The courts seem to be fed up with the Obama administration’s refusal to enforce the rule of law on the Clinton emails.  Today’s appeals court ruling rejects the Obama State Department’s excuses justifying its failure to ask the attorney general, as the law requires, to pursue the recovery of the Clinton emails.  This ruling means that the Trump Justice Department will have to decide if it wants to finally enforce the rule of law and try to retrieve all the emails Clinton and her aides unlawfully took with them when they left the State Department.

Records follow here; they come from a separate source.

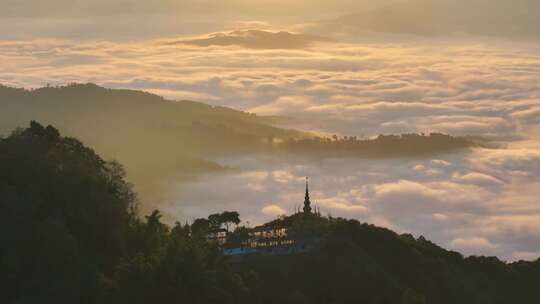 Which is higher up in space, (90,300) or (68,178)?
(68,178)

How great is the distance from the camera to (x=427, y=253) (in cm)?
9875

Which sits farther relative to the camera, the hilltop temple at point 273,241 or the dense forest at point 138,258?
the hilltop temple at point 273,241

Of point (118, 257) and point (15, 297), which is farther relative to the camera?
point (118, 257)

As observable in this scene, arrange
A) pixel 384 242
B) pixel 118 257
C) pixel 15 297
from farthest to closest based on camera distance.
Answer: pixel 384 242 < pixel 118 257 < pixel 15 297

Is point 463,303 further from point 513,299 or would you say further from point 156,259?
point 156,259

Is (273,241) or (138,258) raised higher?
(273,241)

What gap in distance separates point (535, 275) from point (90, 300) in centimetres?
4002

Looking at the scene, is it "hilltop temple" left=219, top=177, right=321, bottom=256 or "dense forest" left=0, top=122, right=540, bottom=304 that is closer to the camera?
"dense forest" left=0, top=122, right=540, bottom=304

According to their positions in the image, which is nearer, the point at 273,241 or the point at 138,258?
the point at 138,258

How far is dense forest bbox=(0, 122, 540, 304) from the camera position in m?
75.6

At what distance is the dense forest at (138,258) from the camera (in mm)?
75625

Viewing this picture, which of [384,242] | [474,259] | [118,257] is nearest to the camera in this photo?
[118,257]

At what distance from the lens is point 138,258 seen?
255ft

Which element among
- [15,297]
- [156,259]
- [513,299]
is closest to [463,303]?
[513,299] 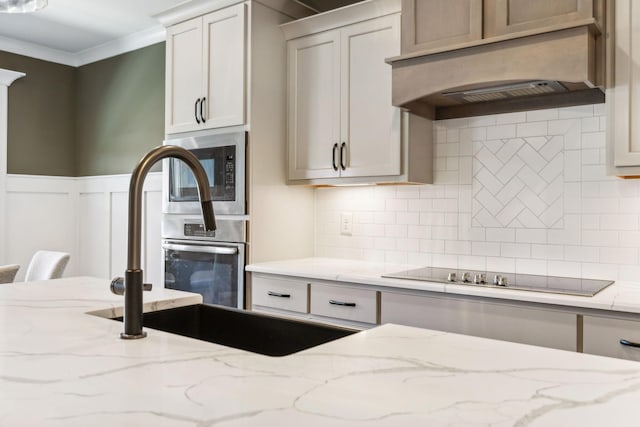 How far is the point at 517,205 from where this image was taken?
2730mm

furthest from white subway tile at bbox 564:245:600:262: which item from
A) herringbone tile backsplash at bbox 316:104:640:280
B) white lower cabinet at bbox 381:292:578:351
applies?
white lower cabinet at bbox 381:292:578:351

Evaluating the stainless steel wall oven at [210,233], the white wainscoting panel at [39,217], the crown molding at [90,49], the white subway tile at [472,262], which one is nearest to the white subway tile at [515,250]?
the white subway tile at [472,262]

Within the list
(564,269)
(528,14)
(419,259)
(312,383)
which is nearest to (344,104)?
(419,259)

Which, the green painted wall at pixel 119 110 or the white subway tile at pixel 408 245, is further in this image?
the green painted wall at pixel 119 110

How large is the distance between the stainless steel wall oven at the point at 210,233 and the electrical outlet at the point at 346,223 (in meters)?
0.65

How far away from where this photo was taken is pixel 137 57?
452 centimetres

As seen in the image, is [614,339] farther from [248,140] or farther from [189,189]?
[189,189]

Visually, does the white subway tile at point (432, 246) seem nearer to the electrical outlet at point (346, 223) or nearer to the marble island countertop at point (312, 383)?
the electrical outlet at point (346, 223)

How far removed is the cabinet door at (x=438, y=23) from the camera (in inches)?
93.6

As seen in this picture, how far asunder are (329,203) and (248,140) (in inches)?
26.9

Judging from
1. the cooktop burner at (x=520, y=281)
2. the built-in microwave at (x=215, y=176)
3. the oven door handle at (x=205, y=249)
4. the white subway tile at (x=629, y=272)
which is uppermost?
the built-in microwave at (x=215, y=176)

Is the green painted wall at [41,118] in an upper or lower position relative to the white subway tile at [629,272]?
upper

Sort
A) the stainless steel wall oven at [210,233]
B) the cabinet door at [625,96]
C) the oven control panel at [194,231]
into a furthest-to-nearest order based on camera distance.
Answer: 1. the oven control panel at [194,231]
2. the stainless steel wall oven at [210,233]
3. the cabinet door at [625,96]

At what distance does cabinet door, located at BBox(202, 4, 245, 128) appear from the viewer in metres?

The appellate ruling reverses a decision in which the District Court declared “moot” a Judicial Watch’s lawsuit challenging the failure of Secretary of State John Kerry to comply with the Federal Records Act (FRA) in seeking to recover the emails of former Secretary of State Hillary Clinton and other high level State Department officials who used non-“state.gov” email accounts to conduct official business (Judicial Watch, Inc. v. John F. Kerry (No. 16-5015)). According to the FRA, if an agency head becomes aware of “any actual, impending, or threatened unlawful removal . . . or destruction of [agency] records,” he or she “shall notify the Archivist . . . and with the assistance of the Archivist shall initiate action through the Attorney General for the recovery of [those] records.”

An appellate panel found:

Appellants sought the only relief provided by the Federal Records Act—an enforcement action through the Attorney General. But nothing the Department did (either before or after those complaints were filed) gave appellants what they wanted. Instead of proceeding through the Attorney General, the Department asked the former Secretary to return her emails voluntarily and similarly requested that the FBI share any records it obtained.  Even though those efforts bore some fruit, the Department has not explained why shaking the tree harder—e.g., by following the statutory mandate to seek action by the Attorney General—might not bear more still. It is therefore abundantly clear that, in terms of assuring government recovery of emails, appellants have not “been given everything [they] asked for.”  Absent a showing that the requested enforcement action could not shake loose a few more emails, the case is not moot.